# Task details
Only the lines from the line that contains "Math Fact Fidget" through the final line of the entries below belong in your answer, copied exactly and without pictures.

# Source data
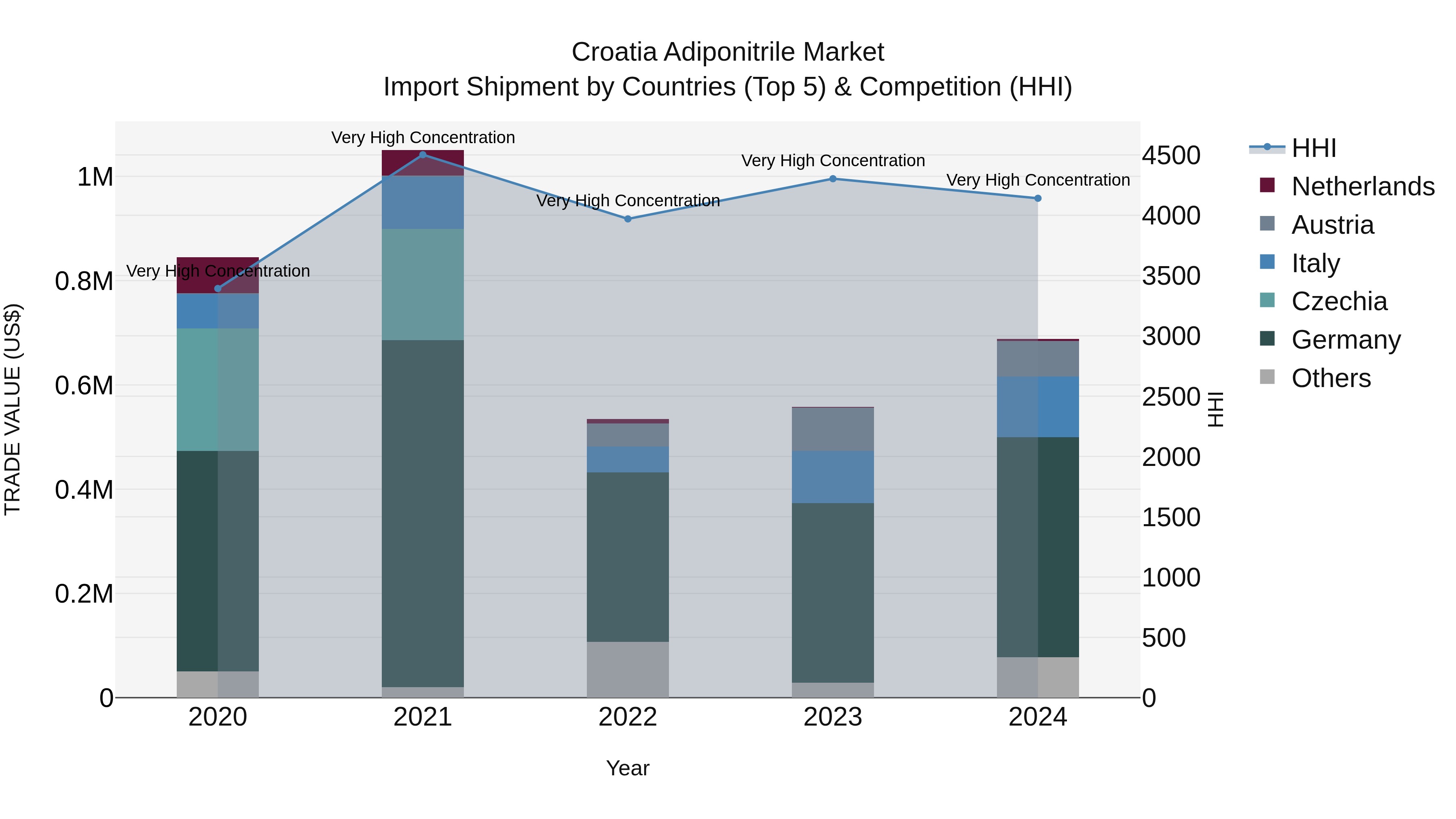 Croatia Adiponitrile Market Top 5 Importing Countries and Market Competition (HHI) Analysis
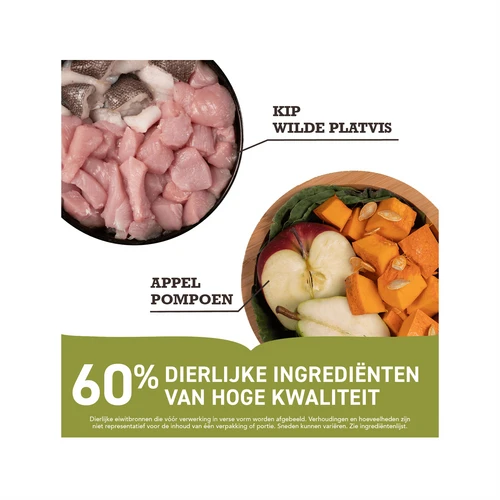 Acana Adult Large Breed Dog Heritage – Bild 2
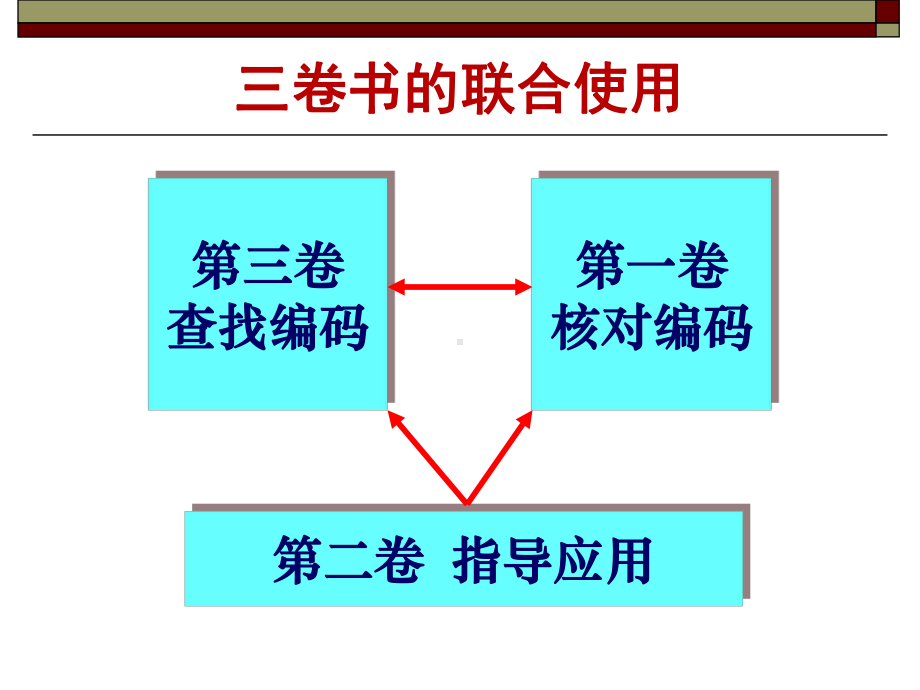 ICD-10编码方法解读课件.ppt_第3页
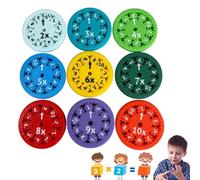 Math Fact Fidget Spinners,Number Spinner Fidgets Toy,Addition Subtraction Multiplication and Division Sensory Toy,Math Games, Autisms Anxietys Relief (Multiply or divide by 9)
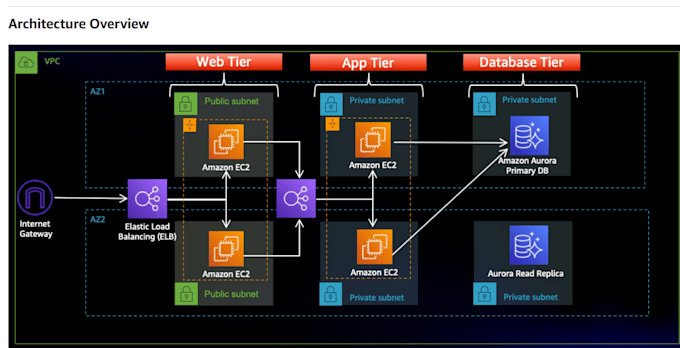 set up complete devops automation with jenkins, docker, and kubernetes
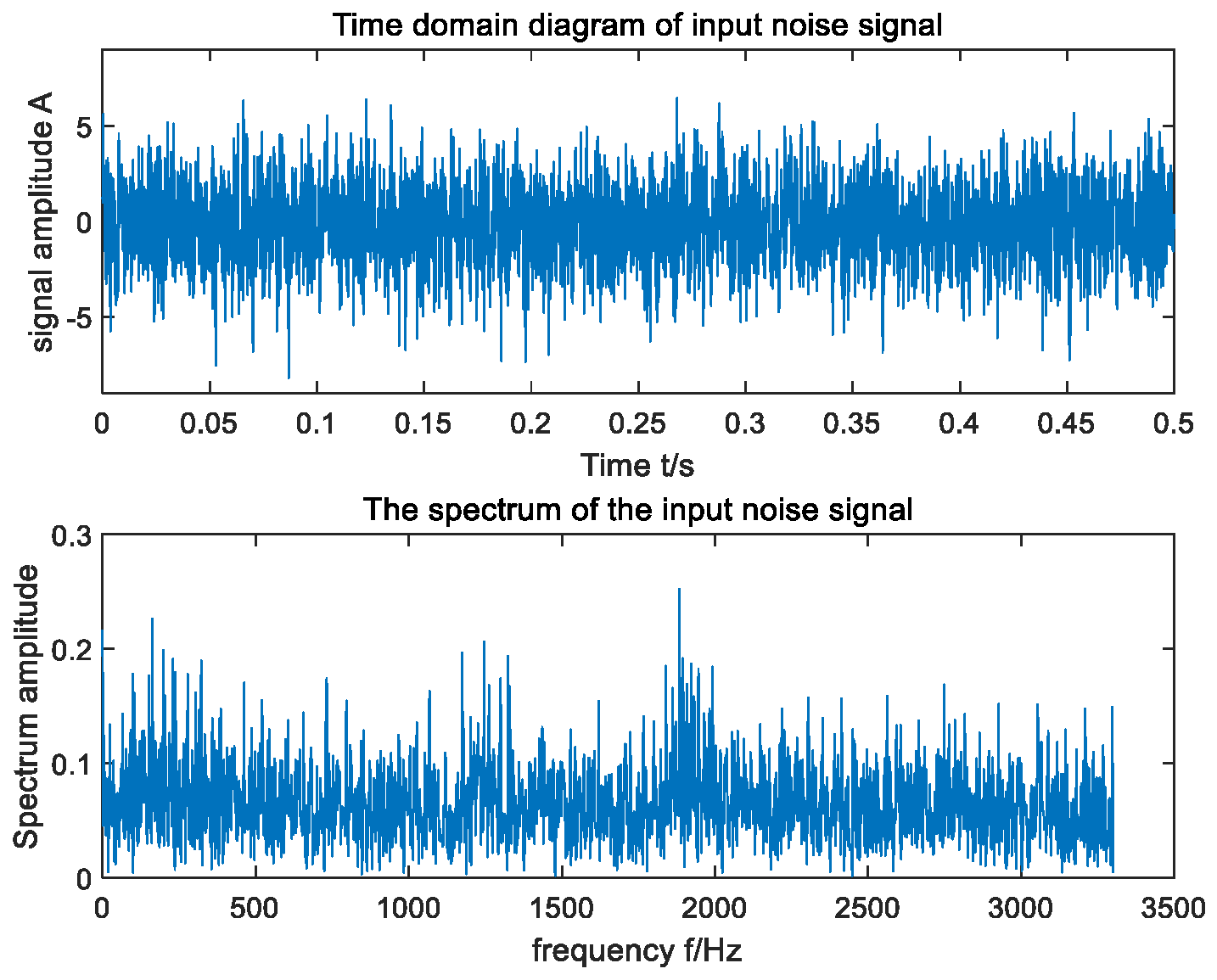 Sensors 23 06529 g011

# Problem solution
 Math Fact Fidget Spinners,Number Spinner Fidgets Toy,Addition Subtraction Multiplication and Division Sensory Toy,Math Games, Autisms Anxietys Relief (Multiply or divide by 9)
 set up complete devops automation with jenkins, docker, and kubernetes
 Sensors 23 06529 g011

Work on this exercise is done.